Vor knapp 500 Jahren
hat Martin Luther in Wittenberg theologische Thesen veröffentlicht – und damit die
Reformation in Gang gebracht. Jetzt versucht sich auch ein katholischer Bischof an
einem Thesenanschlag: Der „Ökumenebischof“ der Deutschen Bischofskonferenz, Gerhard
Feige, hat rechtzeitig vor dem Reformationstag von diesem Mittwoch zehn „katholische
Thesen“ veröffentlicht. Sie kreisen um das Reformationsgedenken in fünf Jahren. Im
Kölner Domradio sagte der Magdeburger Bischof:
„Ich wollte die ganze Problematik
einmal zusammenfassen und bin davon ausgegangen, dass es zunächst eine evangelische
Angelegenheit ist. Wir sind zwar inzwischen eingeladen, aber wir sehen eben die Reformation
nicht unbedingt so begeistert wie die evangelische Seite. Bislang können wir jedenfalls
nicht fröhlich mitfeiern, aber wenn der Charakter stimmt, d.h. wenn diese Gedenkfeiern
– wie EKD-Präses Nikolaus Schneider einmal gesagt hat – im Kern ein Christusjubiläum
wären und wir damit ein gemeinsames Glaubenszeugnis für die Welt geben könnten, dann
könnte ich mir vorstellen, dass wir 2017 auch aktiver mit dabei sind!“
Katholiken
könnten und wollten sich „durchaus konstruktiv und kreativ mit der Reformation und
ihren Folgen auseinandersetzen“. Doch empfänden sie „die damit zusammenhängende Spaltung
der abendländischen Kirche als tragisch“, so Bischof Feige. Katholiken, Protestanten
und Reformierte sollten versuchen, Geschichte „nicht zu harmonisieren, aber doch zu
einer gemeinsamen Sichtweise zu kommen“. Das müsste natürlich bei Martin Luther selbst
anfangen:
„Luther scheidet die Geister. Er ist nicht nur ein geistlicher
Mensch gewesen, sondern hatte auch seine Ecken und Kanten und war eine recht sperrige
Persönlichkeit. Nicht alles, was von ihm stammt, ist positiv zu werten.
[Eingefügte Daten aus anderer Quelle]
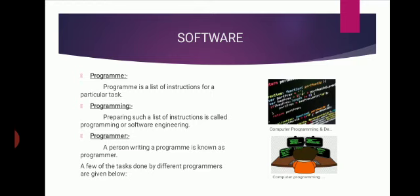A collection of computer program libraries and related data are referred to as software.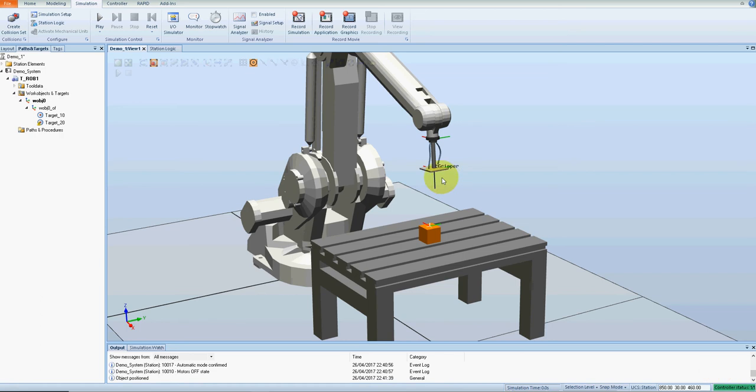In part one we set up the gripper, set up the outputs from the robot, and connected them to the inputs on the gripper and set up the targets. Remember the target needs to be about one millimeter above the object for the suction gripper to work on it.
Aber wie auch
der Papst betont hat: Luther hat leidenschaftlich um Gott gerungen und war sehr christusbezogen.
Und das ist etwas, was auch Katholiken zum Nachdenken und zur Besinnung bringen könnte.
Es war 1983 schon einmal möglich, dass Theologen der evangelischen und der katholischen
Kirche in einer hochrangigen internationalen Kommission Luther als Zeugen des Evangeliums,
Lehrer im Glauben und Rufer zur geistlichen Erneuerung gemeinsam werten konnten!“
Bis
in die Gegenwart litten Christen - vor allem in konfessionsverschiedenen Ehen und
Familien - an der Spaltung, so Bischof Feige. Das sollte „nicht verdrängt oder beschönigt,
sondern zur Kenntnis genommen und aufgearbeitet werden“. Im Blick auf 2017 begrüßt
der Bischof Vorschläge, im katholisch-evangelischen Verhältnis eine „Reinigung des
Gedächtnisses“ oder „Heilung der Erinnerungen“ anzustreben und ein konkretes Zeichen
der Buße und der Bereitschaft zur Vergebung, der Umkehr und Versöhnung zu setzen.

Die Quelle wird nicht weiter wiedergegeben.